* [What you will do]
Give the entries again, exactly as written.

* [Brief descriptive captions]
========================

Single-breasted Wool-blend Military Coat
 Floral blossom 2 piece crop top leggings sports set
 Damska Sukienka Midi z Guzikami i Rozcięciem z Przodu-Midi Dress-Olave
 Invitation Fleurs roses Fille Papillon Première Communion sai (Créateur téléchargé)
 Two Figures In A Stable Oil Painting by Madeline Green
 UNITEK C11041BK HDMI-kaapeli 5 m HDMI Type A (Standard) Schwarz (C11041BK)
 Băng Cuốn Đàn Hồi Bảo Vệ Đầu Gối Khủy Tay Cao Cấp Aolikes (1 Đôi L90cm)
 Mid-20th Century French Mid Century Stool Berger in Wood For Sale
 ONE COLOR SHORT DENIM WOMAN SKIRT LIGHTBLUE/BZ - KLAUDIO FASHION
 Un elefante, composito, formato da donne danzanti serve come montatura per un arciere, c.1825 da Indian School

========================

* [Reply to the exercise]
Single-breasted Wool-blend Military Coat
 Floral blossom 2 piece crop top leggings sports set
 Damska Sukienka Midi z Guzikami i Rozcięciem z Przodu-Midi Dress-Olave
 Invitation Fleurs roses Fille Papillon Première Communion sai (Créateur téléchargé)
 Two Figures In A Stable Oil Painting by Madeline Green
 UNITEK C11041BK HDMI-kaapeli 5 m HDMI Type A (Standard) Schwarz (C11041BK)
 Băng Cuốn Đàn Hồi Bảo Vệ Đầu Gối Khủy Tay Cao Cấp Aolikes (1 Đôi L90cm)
 Mid-20th Century French Mid Century Stool Berger in Wood For Sale
 ONE COLOR SHORT DENIM WOMAN SKIRT LIGHTBLUE/BZ - KLAUDIO FASHION
 Un elefante, composito, formato da donne danzanti serve come montatura per un arciere, c.1825 da Indian School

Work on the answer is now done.